There are clever algorithm like Generative Matching that can exploit a loss function of our choice
and we could choose just the IPM or KL or whatever and this is worth analyzing. This is however written in R.

## 5. Uber's causal inference package

https://github.com/uber/causalml

In [None]:
from causalml.dataset import synthetic_data
from causalml.propensity import ElasticNetPropensityModel
import pandas as pd

In [None]:
y, X, treatment, _, _, e = synthetic_data(mode=1, n=1000, p=5, sigma=1.0)
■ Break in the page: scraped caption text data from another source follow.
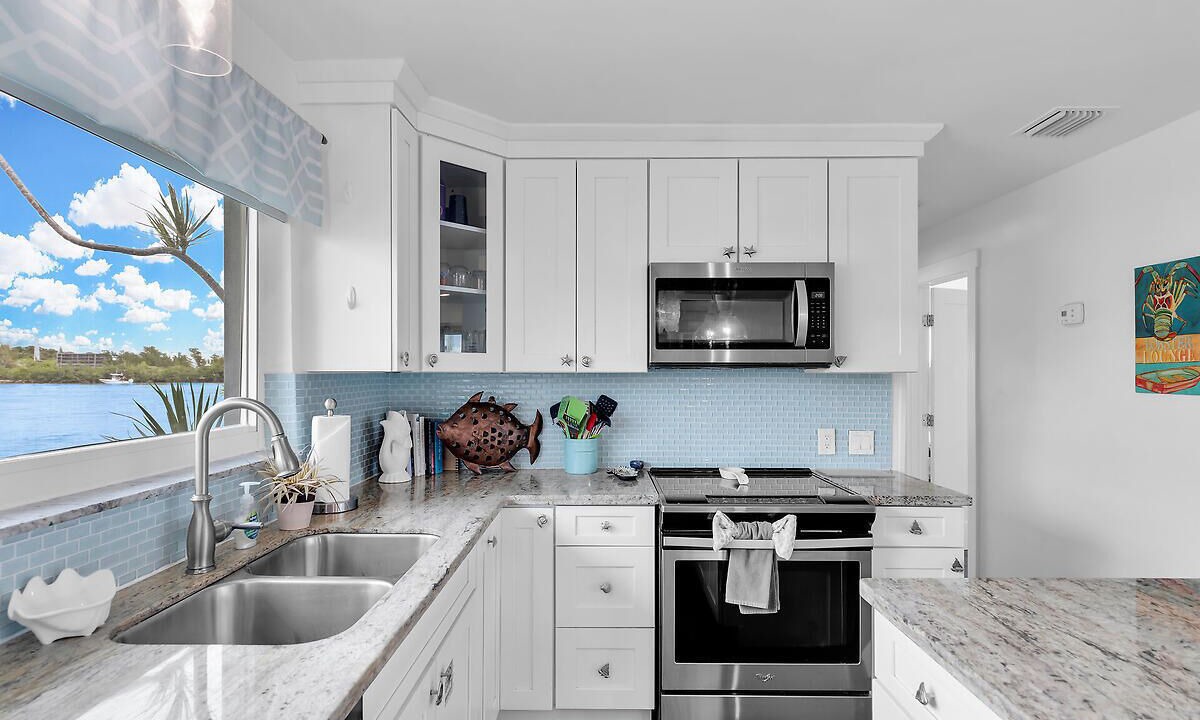 Photo of Kitchen in Little Venice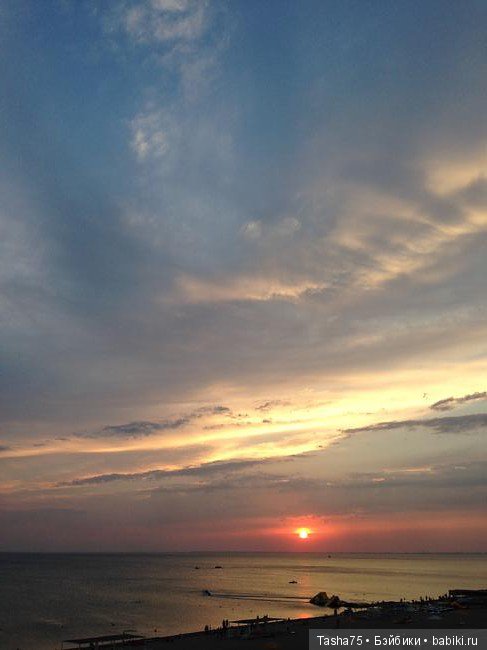 Путешествие. Крым. Честь третья - Евпатория и... Много фото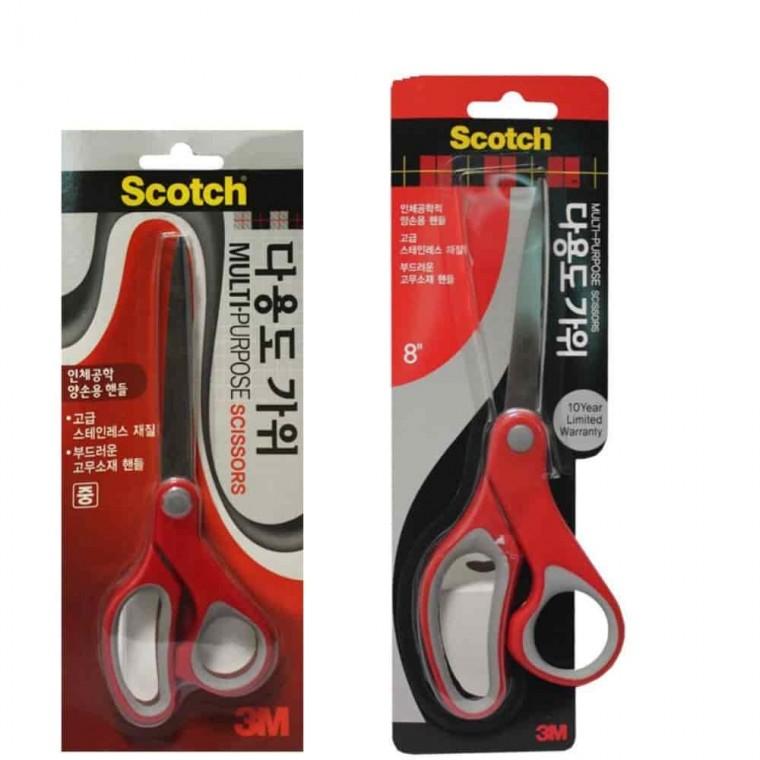 종이가위 절삭력좋은가위 문구용가위 가위 스텐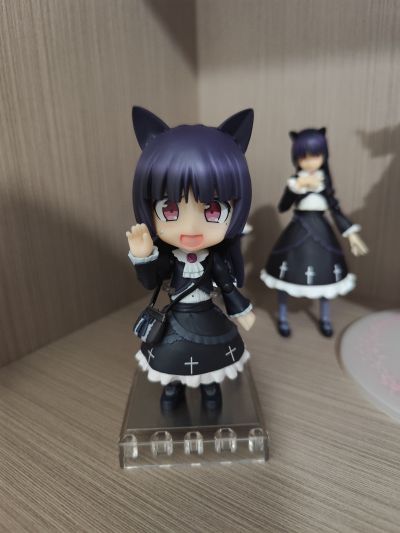 Cu-poche#10 我的妹妹不可能那么可爱 五更琉璃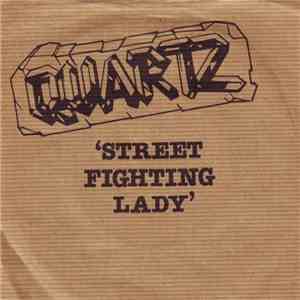 Quartz  - Street Fighting Lady mp3 album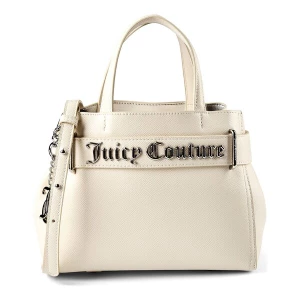 Foto van product Juicy Couture Handtas 'Jasmine ' wit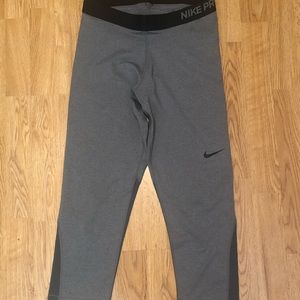 Nike tights
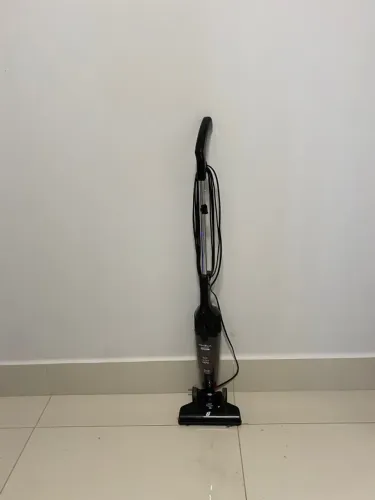 Aspirador Vertical Britânia 2 em 1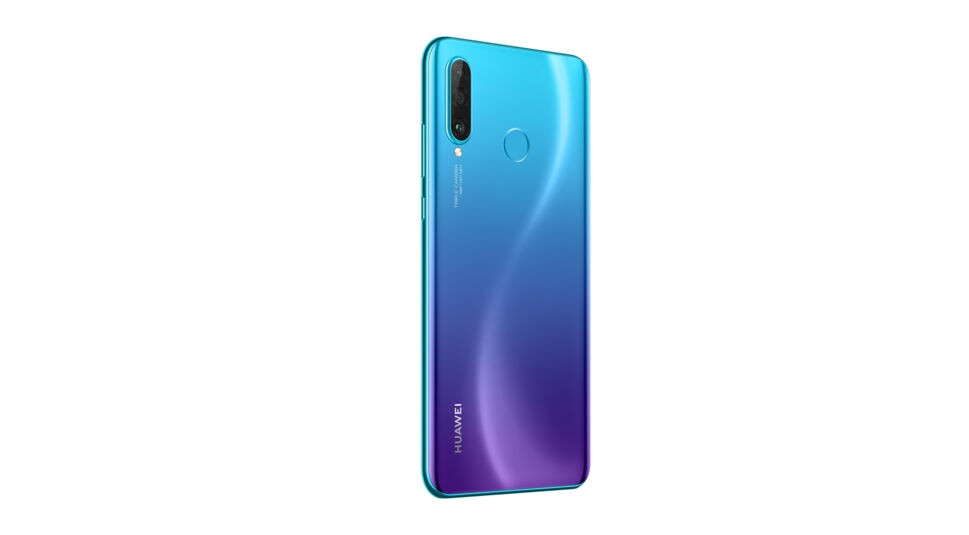 Huawei P30 lite: Ganz schön stark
df = pd.DataFrame(X, columns=['x'+ str(i) for i in range(X.shape[1])])
df['treatment'] = treatment
df['outcome'] = y
df.head()


In [None]:


pm = ElasticNetPropensityModel()
ps = pm.fit_predict(X, treatment)

df['propensity'] = ps

df.head()

In [None]:
from causalml.match import NearestNeighborMatch, create_table_one

"""
    Propensity score matching based on the nearest neighbor algorithm.
    Attributes:
        caliper (float): threshold to be considered as a match.
        replace (bool): whether to match with replacement or not
        ratio (int): ratio of control / treatment to be matched. used only if
            replace=True.
        shuffle (bool): whether to shuffle the treatment group data before
            matching
        random_state (numpy.random.RandomState or int): RandomState or an int
            seed
"""

psm = NearestNeighborMatch(replace=False,
                           ratio=1,
                           random_state=42)

In [None]:
matched = psm.match(data=df,
                    treatment_col= 'treatment',
                    score_cols= ['propensity'])

In [None]:
matched.treatment.value_counts()

In [None]:
create_table_one(data=matched,
                 treatment_col= 'treatment',
                 features=matched.columns.tolist()[0:-3])

In [None]:
# Now we can estimate the treatment effect simply by taking the average

def ate_matched(df, treatment_col = 'treatment', outcome_col = 'outcome'):
    df_control = df[df[treatment_col] == 0]
    df_treated = df[df[treatment_col] == 1]
    ate = df_treated[outcome_col].mean() - df_control[outcome_col].mean()
    return ate.round(2)

print("The average treatment effect estimated by propensity score matching is equal to",
      ate_matched(matched))

To do:
1. Look how it performs on multiple iterations with randomized data generating function. For this first make data modular.
2. Maybe we could use the cross validation metrics to tune the parameters
3. A sensible approach would be to stratify the sample into small bins based on some specified loss and then use
a blocking estimator or even estimate the pscore to improve the balance.